**Work to be completed**
Pictures stay out of the copy; set down each line of the listing below exactly.

**Supplied data**

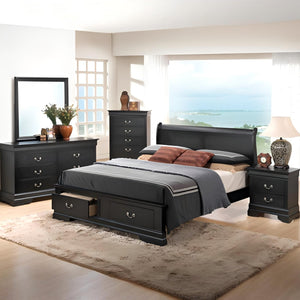 English Elm Elegant Black Full Storage Bed - Timeless Design, Ample Under-Bed Storage & Customizable Assembly Options B078S00348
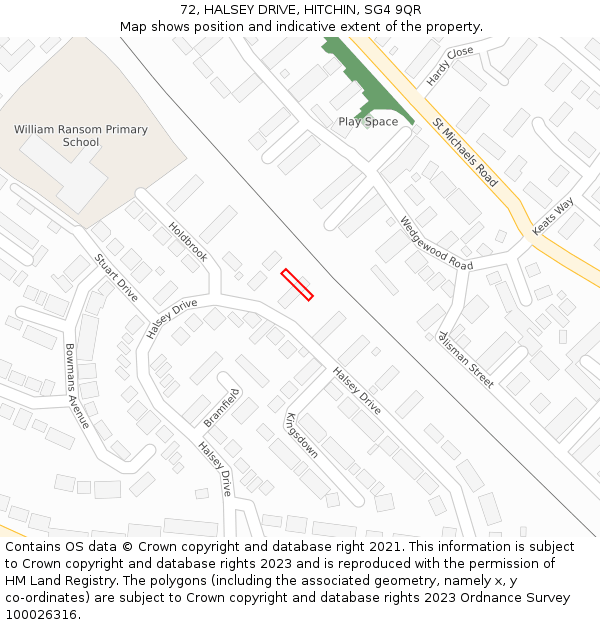 72, HALSEY DRIVE, HITCHIN, SG4 9QR: Location map and indicative extent of plot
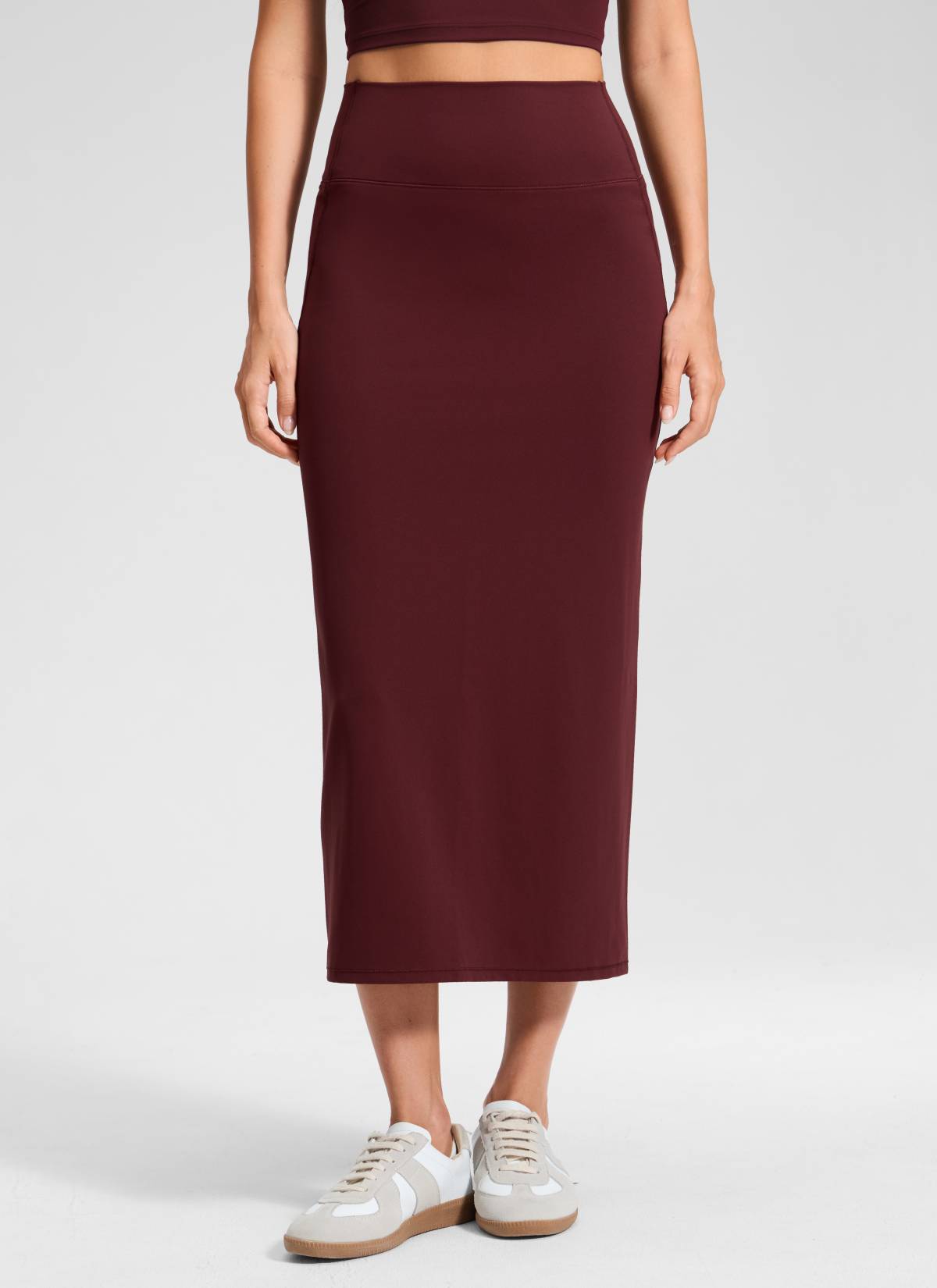 CRZ YOGA Women's Butterlift High Rise Slim Fit Maxi Pencil Skirt Red Merlot @model_info:Anna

**Answer below**
 English Elm Elegant Black Full Storage Bed - Timeless Design, Ample Under-Bed Storage & Customizable Assembly Options B078S00348
 72, HALSEY DRIVE, HITCHIN, SG4 9QR: Location map and indicative extent of plot
 CRZ YOGA Women's Butterlift High Rise Slim Fit Maxi Pencil Skirt Red Merlot @model_info:Anna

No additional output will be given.